# Lava Rock Vinegar Test



## otter (Aug 10, 2012)

Hello fellow fish keepers!

I recently went on a road trip through the desert and I noticed that there were lots of old lava flows that had lots of really nice rocks! I picked a whole bunch up for future use making a little waterfall in one of my nano tanks, but I did notice that these rocks were composed of a few different colors although most of the ones I want to use are black (Some had red, I'm assuming iron deposits?).

To make sure that these were tank safe, I did a vinegar test on the rocks that were more or less black overall (No iron) and it did bubble a little bit, but these rocks are very porous. and I am thinking that the reason it was bubbling was because there are so many air pockets from the formation of the rock, that this is what was causing it to bubble, not the actual elements in the rock. 

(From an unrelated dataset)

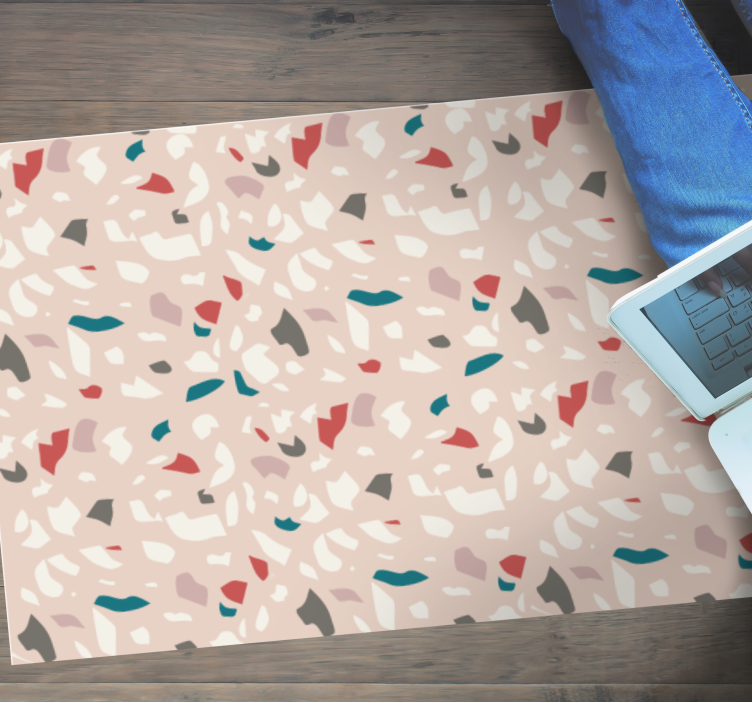 Tapis vinyle salon vinylee effet terrazzo - TenStickers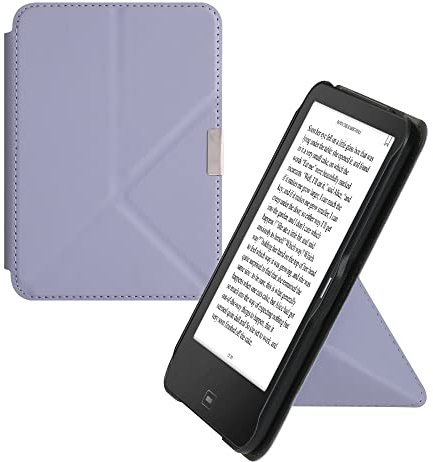 kwmobile Hülle kompatibel mit Tolino Vision 1/2 / 3/4 HD Hülle - Kunstleder Case - eReader Schutzhülle - Cover Lavendel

I am wondering if anyone else has experience with lava rocks because they seem like they are mostly basalt, but they still bubble. Maybe they are bubbling because the air pockets are being replaced with liquid and the air is coming up and causing the bubbles?
I will probably put them in a neutral water for a few days and then check back to see if the rocks have raised the PH, but if not, let me know what you think.
Safe or not safe? I will also be keeping more acidic/soft water fishes in the tank, but I will also be adding peat moss if I do use the rocks, so maybe the PH will even out?

Thanks, 
Any help is appreciated.


----------



## lilnaugrim (Mar 27, 2013)

I believe it's just due to the air pockets within the Bassalt. I've seen many use Lava Rock before without a hitch, though it's often not recommend with Betta's because it can snag their fins easily. According to this thread, they are safe: http://www.bettafish.com/showthread.php?t=477970


----------



## otter (Aug 10, 2012)

Thanks for your reply!! That article was very helpful! I am testing the rock to see if it changes the water chemistry at all with RO water, and hopefully, it will not, and the fizzing is just the air pockets. I am super excited for this water fall-- I will probably do some sparkling gourami ^-^


----------



## lilnaugrim (Mar 27, 2013)

Ah fantastic! I love Sparkler's! Bred them a while back and just gave the rest of my fry to another guy in my fish club that wanted some but couldn't find any! Mine were much bigger than you'd see in store and were fearless; they were absolutely fantastic! May I suggest a moderately to heavily planted tank either live or silk plants won't matter but the Sparkling Gouramis truly appreciate live floating plants to stake out territories in! The males will spar with each other and create a clicking noise, it's too adorable! Actually, I miss that quite a bit. It's a shame I can't have a tank with a bunch of Sparkling, Croaking, Honey, Chocolate, Samurai, and Pearl Gourami all mixed into one haha--but that's impossible; I'd end up with dead fishes!!


----------